▶ _Work instruction_: Strip out the pictures and transcribe the records that follow exactly.

▶ _Available data_:
--*--
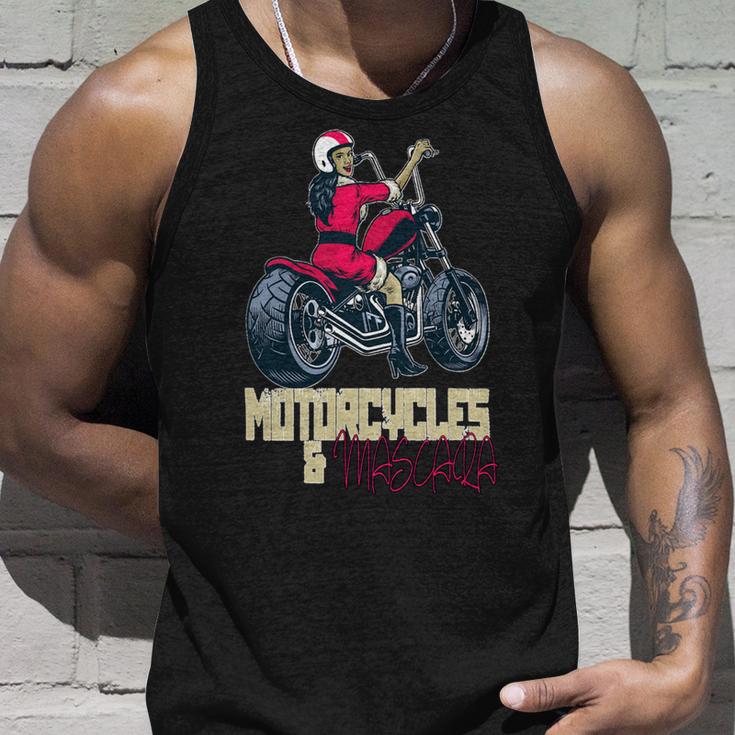 Motorcycles Mascara Excellent Dreaming 466 Shirt Unisex Tank Top Gifts for Him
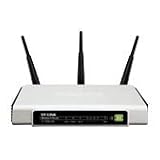 TP-LINK802.11300MbpsAdvancedWirelessNRouterw/4portSwitch,3T3R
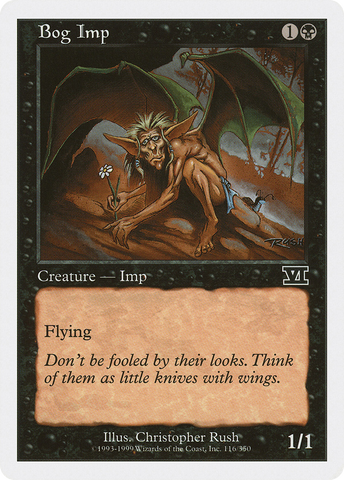 Bog Imp [Classic Sixth Edition]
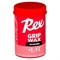 Мазь держания REX Grip waxes, (+1-1 C), Red, 45g 131 - фото 17299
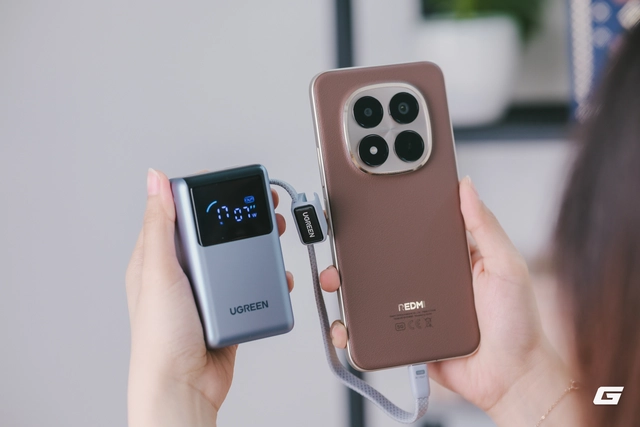 Đã tìm thấy pin dự phòng "chân ái" mới: Thiết kế nhỏ gọn, công suất cao sạc được cả MacBook, tích hợp màn hình, giá sale chỉ hơn 600.000 đồng - Ảnh 10.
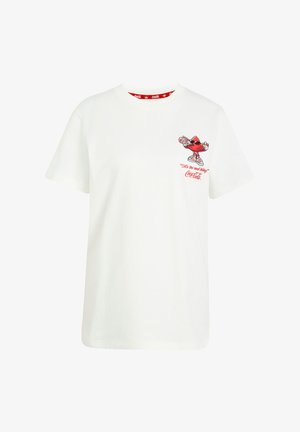 adidas Originals, ADIDAS X COCA-COLA GFX TREFI - Majica kratkih rukava s printom - core white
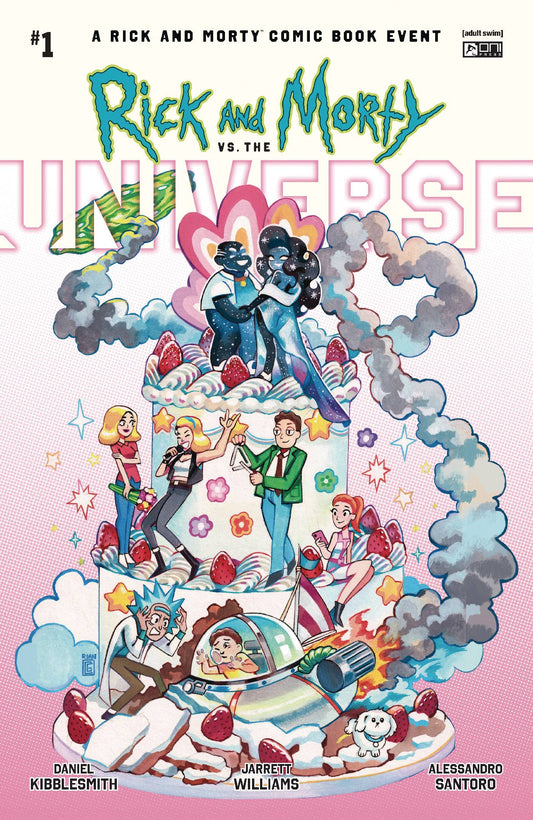 RICK AND MORTY VS THE UNIVERSE #1 CVR H 100 COPY INCV WEDDIN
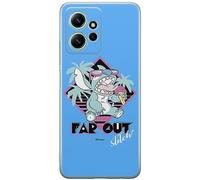 ERT GROUP custodia per cellulare per Xiaomi REDMI NOTE 12 4G originale e con licenza ufficiale Disney, modello Stitch 005 adattato in modo ottimale alla forma dello smartphone, custodia in TPU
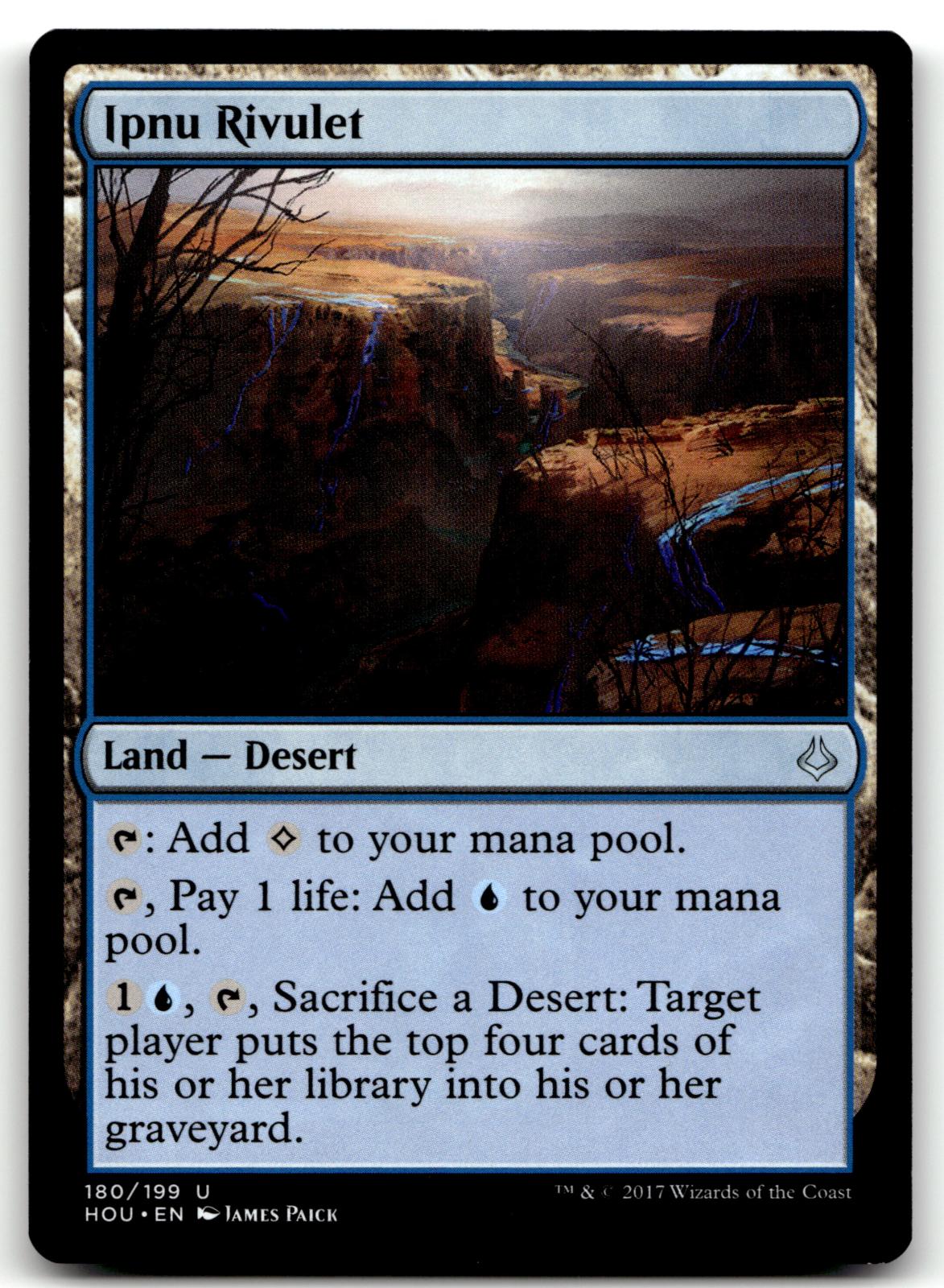 Ipnu Rivulet 180 Uncommon Hour of Devastation Magic: The Gathering Near Mint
--*--
▶ _Solution to this problem_:
 Motorcycles Mascara Excellent Dreaming 466 Shirt Unisex Tank Top Gifts for Him
 TP-LINK802.11300MbpsAdvancedWirelessNRouterw/4portSwitch,3T3R
 Bog Imp [Classic Sixth Edition]
 Мазь держания REX Grip waxes, (+1-1 C), Red, 45g 131 - фото 17299
 Đã tìm thấy pin dự phòng "chân ái" mới: Thiết kế nhỏ gọn, công suất cao sạc được cả MacBook, tích hợp màn hình, giá sale chỉ hơn 600.000 đồng - Ảnh 10.
 adidas Originals, ADIDAS X COCA-COLA GFX TREFI - Majica kratkih rukava s printom - core white
 RICK AND MORTY VS THE UNIVERSE #1 CVR H 100 COPY INCV WEDDIN
 ERT GROUP custodia per cellulare per Xiaomi REDMI NOTE 12 4G originale e con licenza ufficiale Disney, modello Stitch 005 adattato in modo ottimale alla forma dello smartphone, custodia in TPU
 Ipnu Rivulet 180 Uncommon Hour of Devastation Magic: The Gathering Near Mint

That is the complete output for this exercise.